■ **Your goal**
Output every entry exactly, from the first line to the last.

(Crawled caption data)
----------
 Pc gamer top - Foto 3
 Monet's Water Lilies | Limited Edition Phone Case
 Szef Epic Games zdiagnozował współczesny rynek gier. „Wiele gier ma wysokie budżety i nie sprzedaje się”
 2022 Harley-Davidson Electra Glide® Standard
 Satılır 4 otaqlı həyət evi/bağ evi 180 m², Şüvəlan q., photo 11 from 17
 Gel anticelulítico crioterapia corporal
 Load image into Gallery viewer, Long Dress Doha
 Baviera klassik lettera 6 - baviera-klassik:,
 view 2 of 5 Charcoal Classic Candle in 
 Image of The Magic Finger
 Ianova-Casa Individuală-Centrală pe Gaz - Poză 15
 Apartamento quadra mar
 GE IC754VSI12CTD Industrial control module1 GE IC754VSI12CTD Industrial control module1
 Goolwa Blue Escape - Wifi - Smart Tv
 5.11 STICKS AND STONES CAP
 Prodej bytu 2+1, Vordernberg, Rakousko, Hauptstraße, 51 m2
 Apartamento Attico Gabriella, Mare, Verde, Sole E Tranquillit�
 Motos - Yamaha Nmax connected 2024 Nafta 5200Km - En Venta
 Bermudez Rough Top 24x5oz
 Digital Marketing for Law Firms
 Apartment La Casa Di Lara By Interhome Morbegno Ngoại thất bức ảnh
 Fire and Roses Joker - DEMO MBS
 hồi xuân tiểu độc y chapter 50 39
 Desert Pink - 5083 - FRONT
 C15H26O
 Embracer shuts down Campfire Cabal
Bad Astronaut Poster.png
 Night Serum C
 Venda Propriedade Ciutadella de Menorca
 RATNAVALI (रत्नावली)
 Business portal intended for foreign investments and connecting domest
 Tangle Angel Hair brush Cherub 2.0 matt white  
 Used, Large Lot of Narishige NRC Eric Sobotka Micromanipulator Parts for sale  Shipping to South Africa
----------
■ **Output of the exercise**
 Pc gamer top - Foto 3
 Monet's Water Lilies | Limited Edition Phone Case
 Szef Epic Games zdiagnozował współczesny rynek gier. „Wiele gier ma wysokie budżety i nie sprzedaje się”
 2022 Harley-Davidson Electra Glide® Standard
 Satılır 4 otaqlı həyət evi/bağ evi 180 m², Şüvəlan q., photo 11 from 17
 Gel anticelulítico crioterapia corporal
 Load image into Gallery viewer, Long Dress Doha
 Baviera klassik lettera 6 - baviera-klassik:,
 view 2 of 5 Charcoal Classic Candle in 
 Image of The Magic Finger
 Ianova-Casa Individuală-Centrală pe Gaz - Poză 15
 Apartamento quadra mar
 GE IC754VSI12CTD Industrial control module1 GE IC754VSI12CTD Industrial control module1
 Goolwa Blue Escape - Wifi - Smart Tv
 5.11 STICKS AND STONES CAP
 Prodej bytu 2+1, Vordernberg, Rakousko, Hauptstraße, 51 m2
 Apartamento Attico Gabriella, Mare, Verde, Sole E Tranquillit�
 Motos - Yamaha Nmax connected 2024 Nafta 5200Km - En Venta
 Bermudez Rough Top 24x5oz
 Digital Marketing for Law Firms
 Apartment La Casa Di Lara By Interhome Morbegno Ngoại thất bức ảnh
 Fire and Roses Joker - DEMO MBS
 hồi xuân tiểu độc y chapter 50 39
 Desert Pink - 5083 - FRONT
 C15H26O
 Embracer shuts down Campfire Cabal
Bad Astronaut Poster.png
 Night Serum C
 Venda Propriedade Ciutadella de Menorca
 RATNAVALI (रत्नावली)
 Business portal intended for foreign investments and connecting domest
 Tangle Angel Hair brush Cherub 2.0 matt white  
 Used, Large Lot of Narishige NRC Eric Sobotka Micromanipulator Parts for sale  Shipping to South Africa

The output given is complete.